Angela is especially worried because among the proposed changes to the JEP, one already made by Congress affects cases of sexual violence against minors, for which sentences will be determined by the ordinary justice system rather than by the JEP. This eliminates the incentive for perpetrators to confess crimes of sexual violence against minors in the JEP—meaning that victims will have to rely on the ordinary justice system, where there is “total impunity” and “many hardships” for victims. “We do not know a single case that has been resolved in the ordinary justice system. The majority of women were victims of sexual violence while underage, thus these women are never going to know the complete truth.”
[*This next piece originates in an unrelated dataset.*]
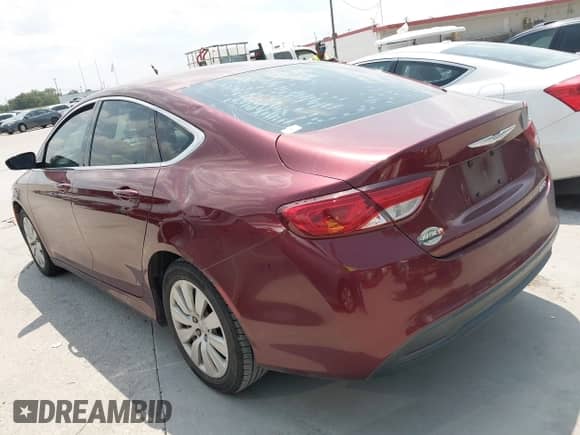2015 Chrysler 200 LX с VIN 1C3CCCFBXFN550854, выставлен на аукционе IAAI как лот 43103868 с пробегом 164 877 миль миль и . История ставок и продаж доступна на DreamBid. Изображение 3.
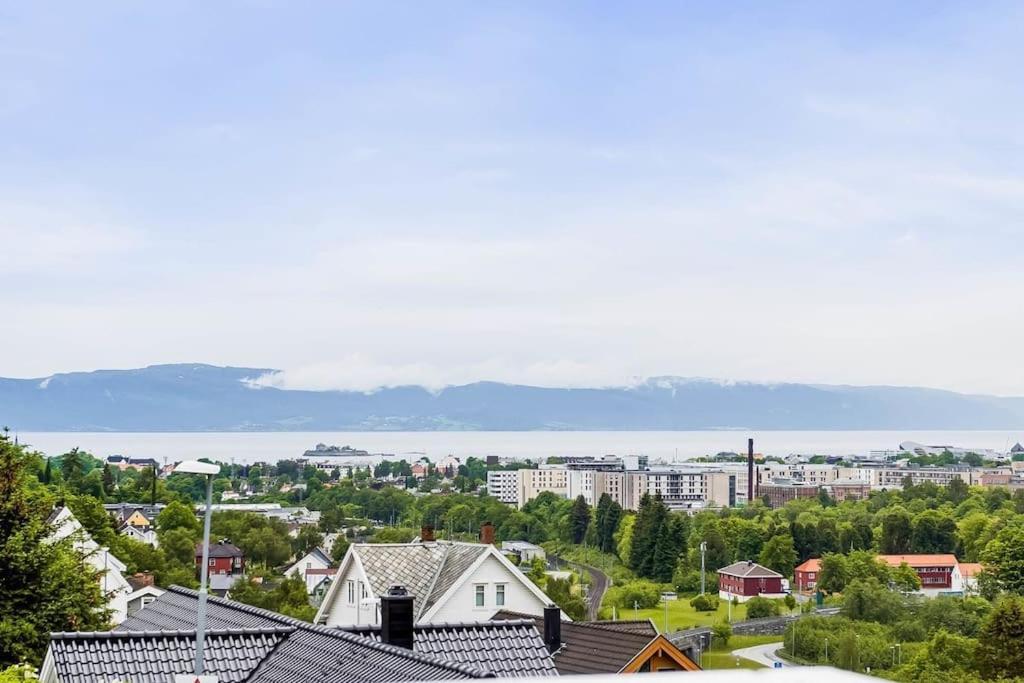Adorable 1-Bedroom Apartment With A Fantastic View - Free Parking Trondheim Bagian luar foto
However, sexual violence is not Angela’s only concern. Now, as an advocate, Angela faces additional threats due to the increasing violence against social leaders. A recent report revealed a “painful statistic: between January 1st, 2016 and June 30th of this year, 311 leaders and human rights defenders were assassinated in Colombia. We, as organizations, are at risk.”
“We bring with us the serious concerns of all of the victims of the armed conflict. We want what was agreed upon in Havana, the implementation of the accords, to be fulfilled. Because if not, there are great risks. We ask the United States to ensure that President Duque and his administration comply fully with the accords, maintaining the victims and the comprehensive system for truth, justice, reparations, and the guarantee of non recurrence at the center.”